Aim of the task — Leaving the pictures aside, transcribe every line below exactly.

Information shown —
[Start of Attachment]

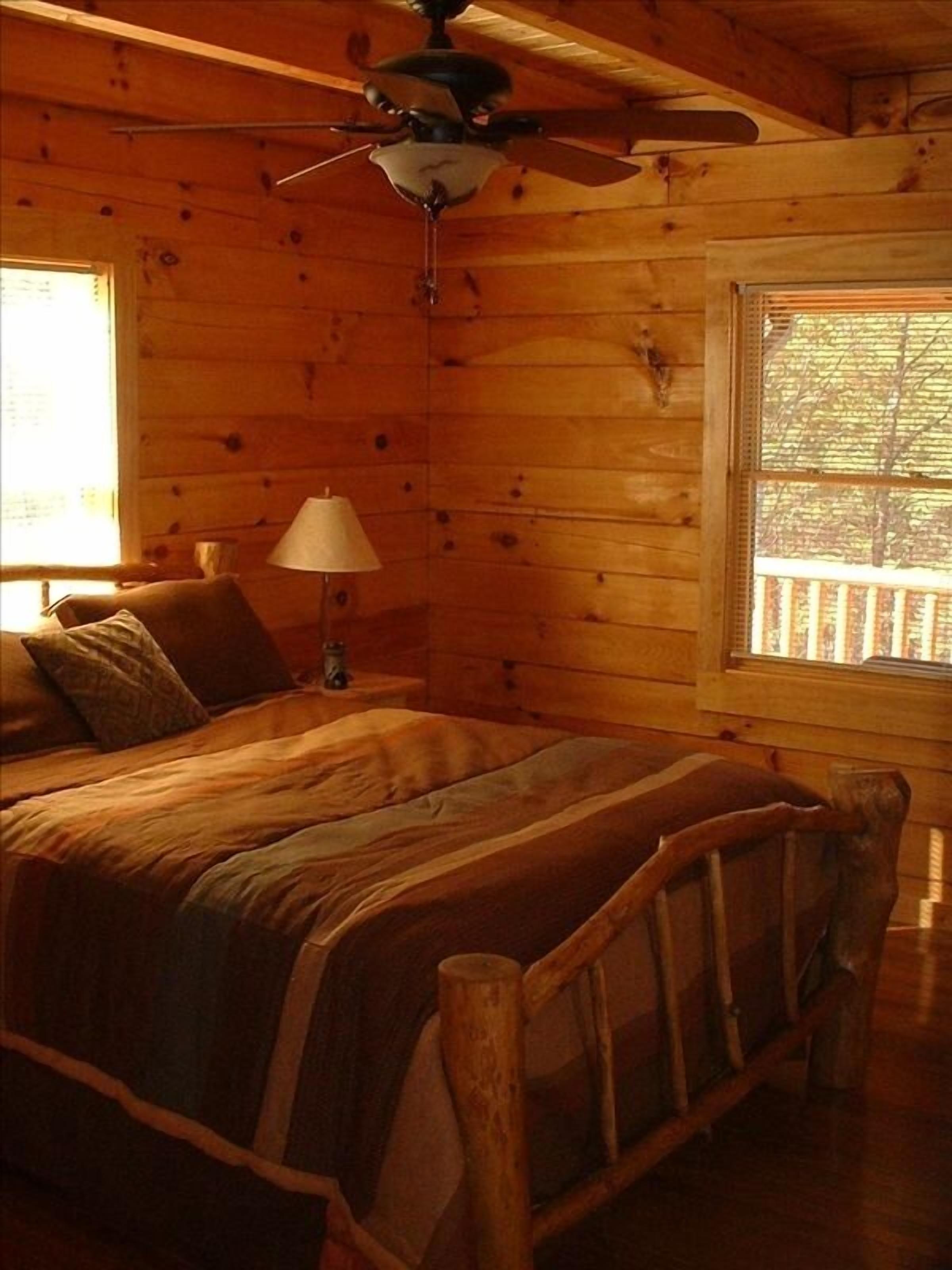  Great community Lake, Beach, Streams and covered MTN view picnic area.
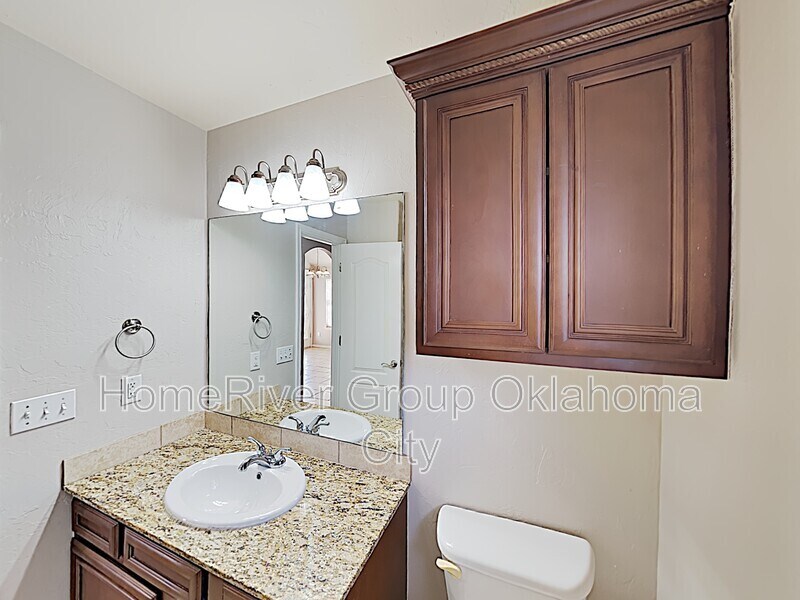 Building Photo - 2708 Busheywood Dr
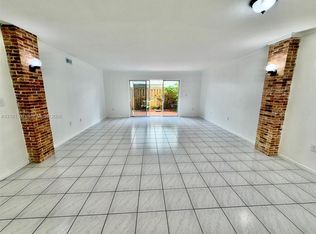 14903 SW 80th St APT 110, Miami, FL 33193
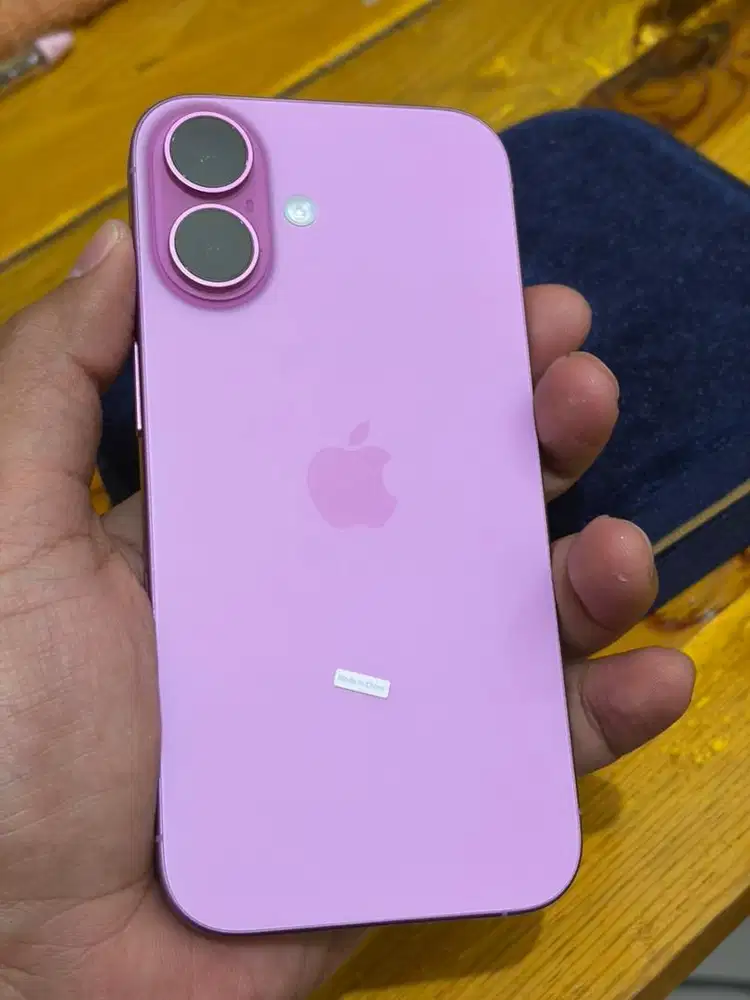 iPhone 16 128Gb Pink garansi resmi digimap aktif Panjang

[End of Attachment]

Response below —
  Great community Lake, Beach, Streams and covered MTN view picnic area.
 Building Photo - 2708 Busheywood Dr
 14903 SW 80th St APT 110, Miami, FL 33193
 iPhone 16 128Gb Pink garansi resmi digimap aktif Panjang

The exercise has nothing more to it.